Braml spricht von einer "Macht ohne Moral", die ausschließlich ökonomischen und imperialistischen Zielen orientiert und überall das "Recht des Stärkeren" – also das der USA - durchgesetzt habe bzw. durchsetzen will. Die Liste ist lang. Am Internationalen Strafgerichtshof beispielsweise beteilige sich die USA nicht. Über die Manifestierung des US-Dollar als weltweite Leitwährung hätten die Vereinigten Staaten jahrzehntelang die eigene Ökonomie am Laufen gehalten und auf Kosten anderer gelebt. Die Niedrigzinspolitik der Fed hält, so die These, den Status quo noch eine Zeit lang offen, aber der nächste Crash dürfte nur eine Frage der Zeit sein. Die Verbündeten behandele die USA oft genug nur als Vasallen (wobei diese Bezeichnung in Anführungszeichen gesetzt wird). Man zwinge sie über die NATO dazu, militärische Güter aus dem USA abzunehmen und hält damit die einheimische Rüstungsindustrie am Laufen. Die Verteidigungsausgaben der USA werden von Braml als verdeckte Industriepolitik ausgewiesen.

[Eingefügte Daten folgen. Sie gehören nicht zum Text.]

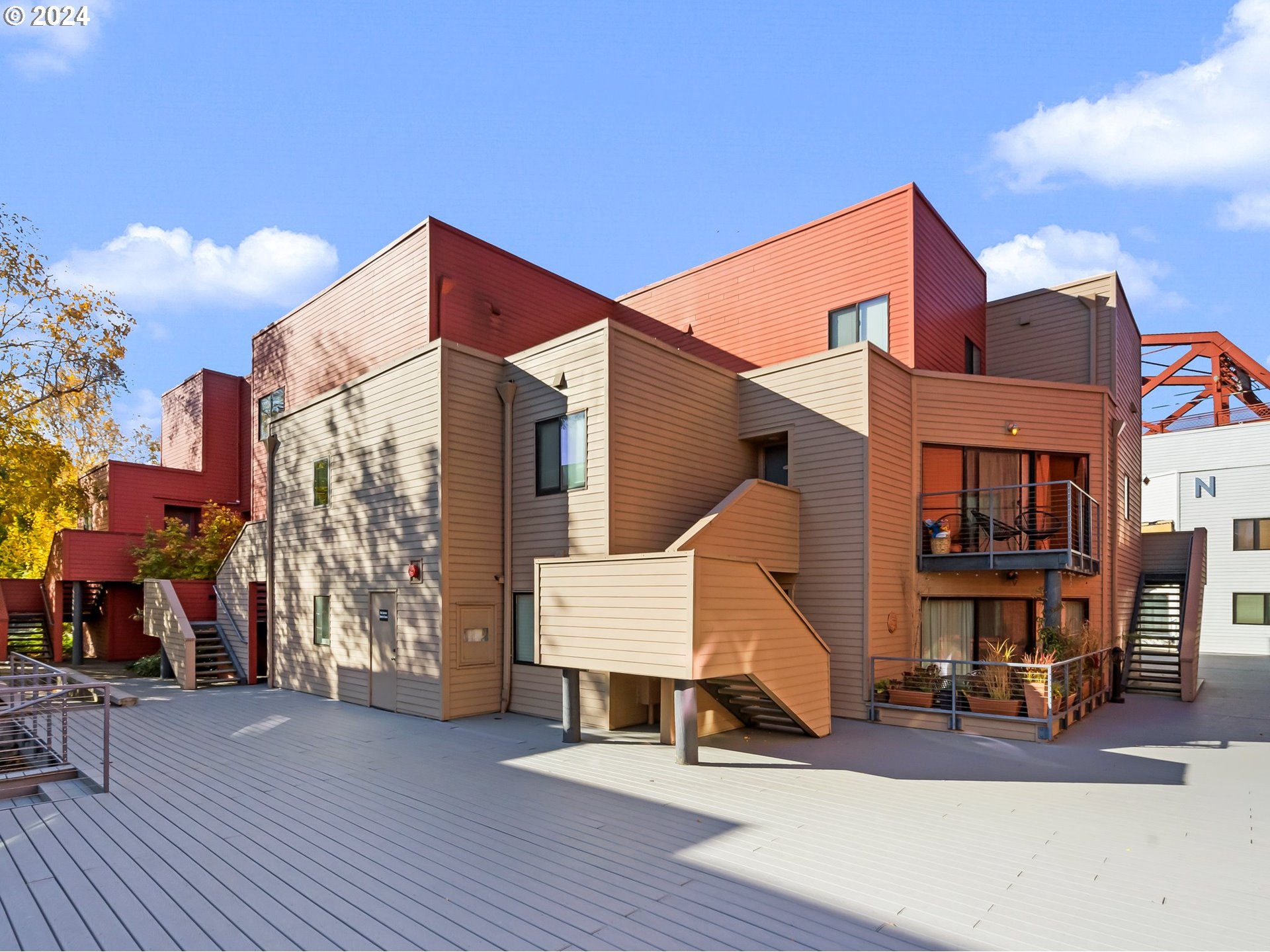 1040 Northwest Naito Pkwy Unit O16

Auch im Außenhandel setze sich die USA über internationale Regeln hinweg, sabotiere die Schiedsstellen der WTO und setze sogar Verbündete bei der Abfassung von Handelsabkommen unter Druck. Selber ist man darauf bedacht, sich einseitig Vorteile zu verschaffen. Der Handelsprotektionismus Trumps wie auch die harte Politik gegenüber China würde von Biden weitergeführt. Den Protektionismus der EU blendet Braml sicherheitshalber aus. Vernichtend die Prognose, dass die USA ihre Schulden vermutlich nie mehr zurückzahlen könne. Mittels amerikanischer Hightech-Unternehmen spionierten die USA Politik und Wirtschaft anderer Staaten inklusive der Verbündeten für ihre eigenen Interessen aus. Die Wertmaßstäbe, die man an andere Nationen anlegt, erfüllt man selber nur dann, wenn es in das politische Konzept passt. Das begann nicht erst bei Donald Trump, der mit "America first" die eigenen Interessen absolut setzte. Allerdings, so könnte man einwenden, wird ein amerikanischer Präsident ja auch dafür gewählt.

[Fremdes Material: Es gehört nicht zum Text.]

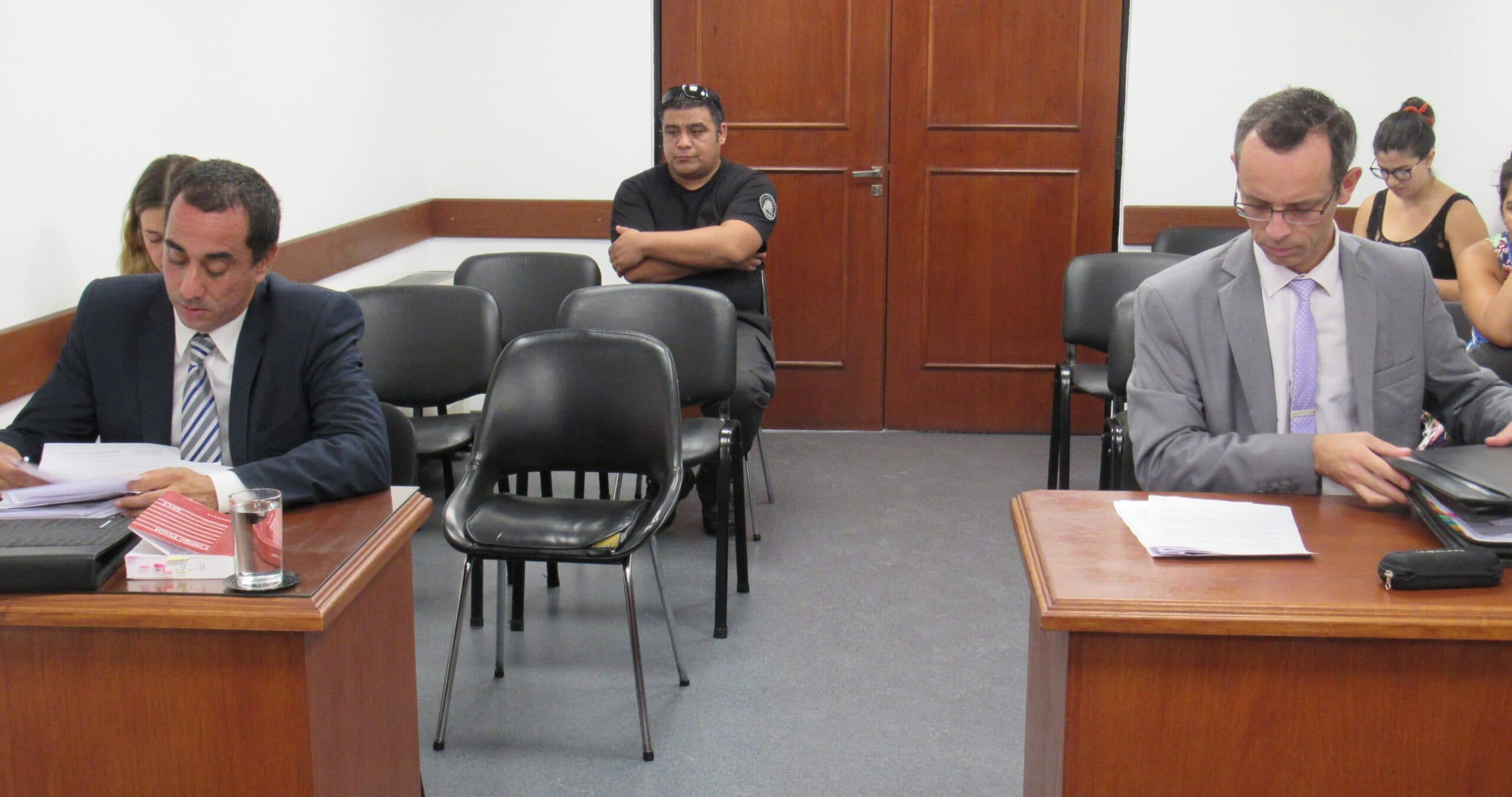 Piden 14 años de prisión para un hombre que le pegó un tiro a su pareja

Braml bestreitet, dass die USA und Europa (er meint damit meist die Europäische Union) noch genügend gemeinsame Interessen haben. Er bezieht sich hierbei nicht nur auf Trumps desaströse Äußerungen über das weitere Schicksal der NATO, sondern auch auf die das Diktum, die EU als ökonomischen Konkurrenten aufzufassen. Außenpolitisch hätte Trump die europäischen Versuche, den Iran von der Entwicklung zu Atomwaffen abzuhalten, durch die Kündigung des Abkommens sabotiert, was nicht im Interesse Europas gewesen war. Die Sabotage sei erfolgt, um die sich zwischen Europa und dem Iran anbahnenden Geschäftsverbindungen auszuhebeln. Seit dem Zweiten Weltkrieg, so die Bilanz Bramls, habe die USA insgesamt eine "Entmündigung Europas" betrieben. Das ist starker Tobak.

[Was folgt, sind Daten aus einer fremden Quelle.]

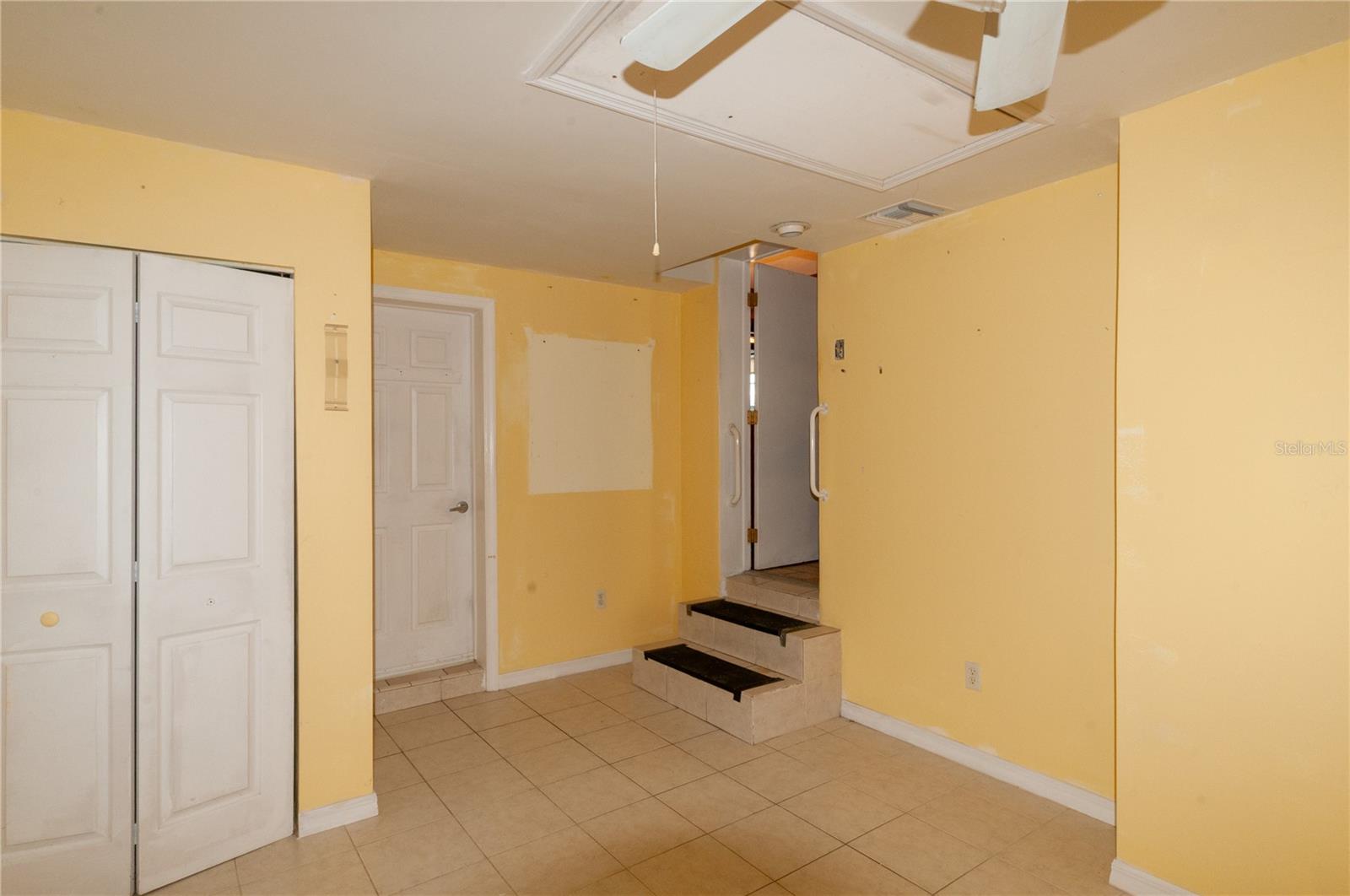 9609 N ELMER ST, TAMPA, FL, 33612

Die amerikanische Demokratie sei "im Innern existenziell bedroht" und tendiere zur "Anokratie". Seit dem Terroranschlag vom 11. September 2001 wären aus Sicherheitserwägungen heraus sukzessive Bürgerrechte eingeschränkt worden; hier habe Obama wenig abgemildert. Mehrfach weist Braml auf die Gefahr einer erneuten Präsidentschaft Donald Trumps hin. Bisweilen wird er tendenziös. Im Epilog referiert er aus einem Buch der Politikwissenschaftlerin Barbara F. Walter. Vom Titel erwähnt er nur das, was in sein Szenario eines baldigen Bürgerkriegs innerhalb der USA passt: "How Civil Wars Starts". Tatsächlich geht es aber noch weiter; der vollständige Titel lautet: "How Civil Wars Starts: And How To Stop Them". 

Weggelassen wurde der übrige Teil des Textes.